Differential effects of xenoestrogens on coactivator recruitment by estrogen receptor (ER) α and ERβ

Abstract

It has been proposed that tissue-specific estrogenic and/or antiestrogenic actions of certain xenoestrogens may be associated with alterations in the tertiary structure of estrogen receptor (ER) α and/or ERβ following ligand binding; changes which are sensed by cellular factors (coactivators) required for normal gene expression. However, it is still unclear whether xenoestrogens affect the normal behavior of ERα and/or ERβ subsequent to receptor binding.

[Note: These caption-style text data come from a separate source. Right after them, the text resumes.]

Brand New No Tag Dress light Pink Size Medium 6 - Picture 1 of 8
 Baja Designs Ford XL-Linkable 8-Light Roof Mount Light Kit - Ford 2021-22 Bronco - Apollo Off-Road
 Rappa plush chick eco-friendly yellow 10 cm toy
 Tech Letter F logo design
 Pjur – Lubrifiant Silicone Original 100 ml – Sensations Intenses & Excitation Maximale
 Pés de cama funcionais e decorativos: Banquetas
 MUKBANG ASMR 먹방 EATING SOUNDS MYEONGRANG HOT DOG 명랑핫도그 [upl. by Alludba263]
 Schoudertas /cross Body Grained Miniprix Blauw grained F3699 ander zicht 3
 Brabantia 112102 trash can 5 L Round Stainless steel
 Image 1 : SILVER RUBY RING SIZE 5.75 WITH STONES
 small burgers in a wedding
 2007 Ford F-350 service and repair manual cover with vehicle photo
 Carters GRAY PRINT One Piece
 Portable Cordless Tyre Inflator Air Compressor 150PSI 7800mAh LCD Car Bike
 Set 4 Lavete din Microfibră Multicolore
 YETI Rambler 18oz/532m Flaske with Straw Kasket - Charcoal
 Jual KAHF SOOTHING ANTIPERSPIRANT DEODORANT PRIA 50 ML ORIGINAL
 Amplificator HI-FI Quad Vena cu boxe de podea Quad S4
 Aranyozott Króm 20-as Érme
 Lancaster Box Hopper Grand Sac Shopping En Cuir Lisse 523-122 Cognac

In view of the wide range of structural forms now recognized to mimic the actions of the natural estrogens, we have assessed the ability of ERα and ERβ to recruit TIF2 and SRC-1a in the presence of 17β-estradiol, genistein, diethylstilbestrol, 4-tert-octylphenol, 2',3',4',5'-tetrachlorobiphenyl-ol, and bisphenol A. We show that ligand-dependent differences exist in the ability of ERα and ERβ to bind coactivator proteins in vitro, despite the similarity in binding affinity of the various ligands for both ER subtypes. The enhanced ability of ERβ (over ERα) to recruit coactivators in the presence of xenoestrogens was consistent with a greater ability of ERβ to potentiate reporter gene activity in transiently transfected HeLa cells expressing SRC-1e and TIF2. We conclude that ligand-dependent differences in the ability of ERα and ERβ to recruit coactivator proteins may contribute to the complex tissue-dependent agonistic/antagonistic responses observed with certain xenoestrogens.